The Democrats will also pass legislation they know won’t get past the Senate but will lay out their own agenda for 2020. First up will apparently be a bill protecting the right to vote, something the Republicans have been trying hard to suppress, as well as the voting system (from foreign interference). Access to health care and education as well as environmental protection are likely in the queue.

Then last weekend Trump went to Paris for the World War I centennial, where he declined a visit to a cemetery because of rain, refused to join the other allied heads of state in a walk up the Champs Elysees, and got scolded by his erstwhile friend President Macron for his attachment to nativist nationalism. He looked out of sorts and out of place in the events he did attend, except when smiling broadly at President Putin.

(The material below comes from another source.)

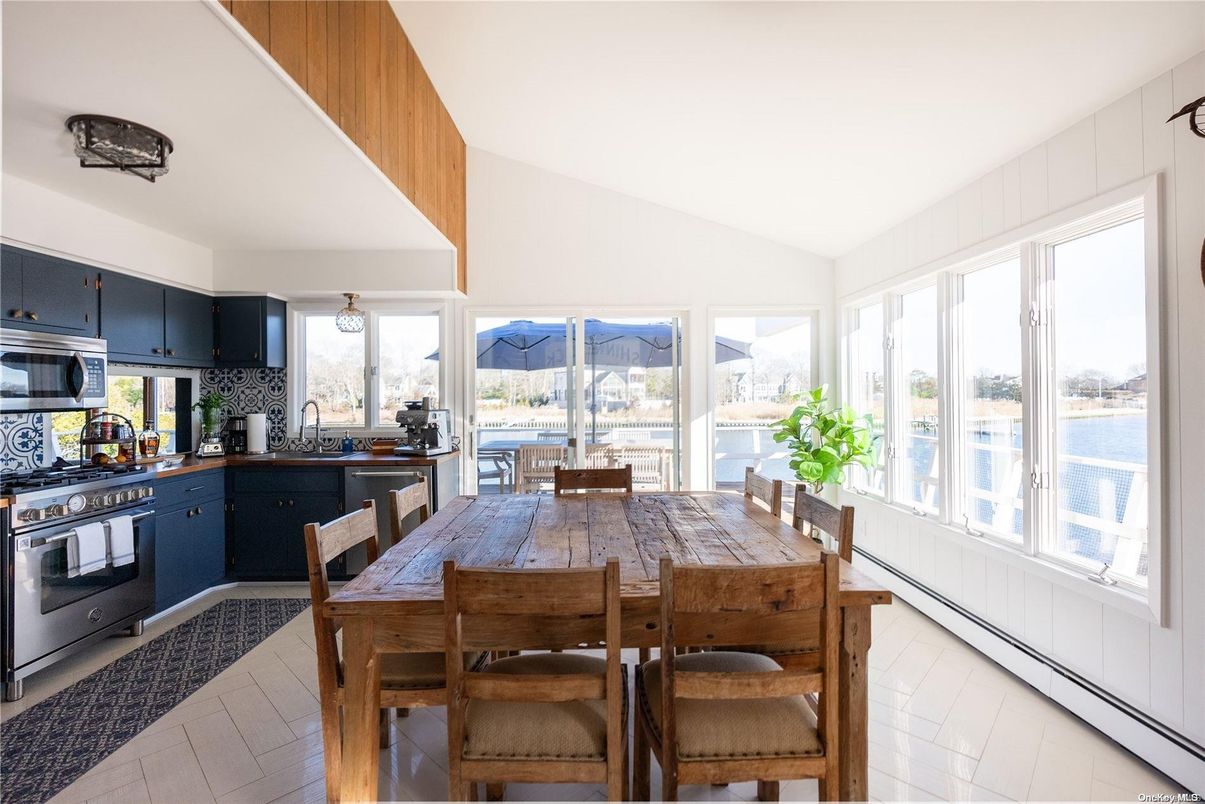 Dining room, Interior, Kitchen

Back in the US, Trump failed to make the traditional 3.3 mile trip to Arlington Cemetery on Veterans’ Day. Instead he sulked in the White House and has stayed there since, tweeting criticism of forest management in California while its first responders were risking their lives fighting a giant forest fire and dozens of Californians were dying. To boot: the Federal government controls 98% of the forests in California, so if forest management is really the cause… But it isn’t: Trump said that just to please logging interests. The main cause is climate change, which has made California much drier and windier.

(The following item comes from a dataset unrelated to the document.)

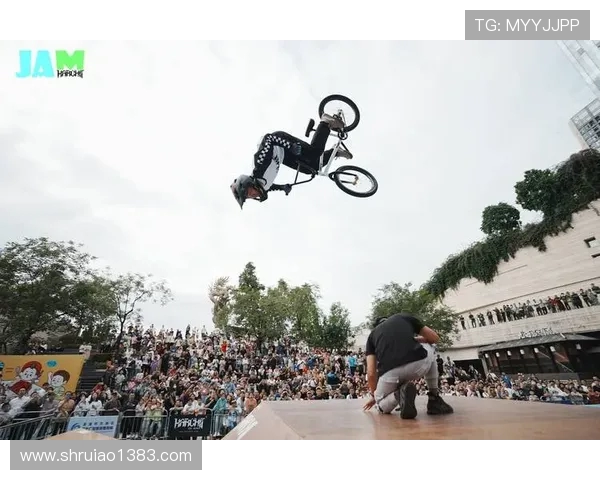 重庆滑板队勇闯极限运动嘉年华的奋斗与突破之路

Trump has good reason to be worried. Rumor has it that Special Counsel Mueller is getting ready to charge Don Jr., his eldest son and confidante, with conspiracy against the United States by plotting to gain Russian assistance during the election campaign. That will put Trump in the unenviable position of either throwing his son under the bus or admitting what we all suspect: his son did it with his father’s knowledge and encouragement. Even if that indictment doesn’t happen, the Mueller investigation and oversight hearings in the House threaten to expose financial and other malfeasance in the Trump real estate empire. There is little doubt that Trump was laundering Russian oligarchs’ ill-gotten gains.

So Trump fired his racist Attorney General Sessions, who had recused himself from the Russia investigation and failed to prevent Mueller from exploring the financial angle, and replaced him with an “acting” AG who has publicly advocated hogtying the Special Counsel. This Matthew Whitaker was quickly shown to be so blatantly unqualified, and associated with dubious business dealings, that Trump claimed not to know him well.

Anything Whitaker does with respect to the Mueller investigation will no doubt lead to a subpoena to testify in Congress. Mueller, expecting the worst, I trust has prepared a dead man switch in the form of evidence and investigations by US attorneys (Federal prosecutors in the states) as well as state attorneys general. It is hard to turn off the multi-layered US justice system completely. That thought will redouble the President’s concerns.

To compound Trump’s problems, his wife instructed him in public this week to expel the deputy national security adviser from the White House staff. Mira Ricardel had offended the First Lady or her staff in some fashion on her recent trip to Africa. Trump obeyed. You can imagine how that made him feel.

Some will worry that Trump’s ugly mood may make him take military action. He is certainly not above trying to use the military to bolster his own cause, as he did in pointlessly deploying US troops to the Mexican border to counter a dwindling “caravan” of asylum-seekers more than a thousand miles away.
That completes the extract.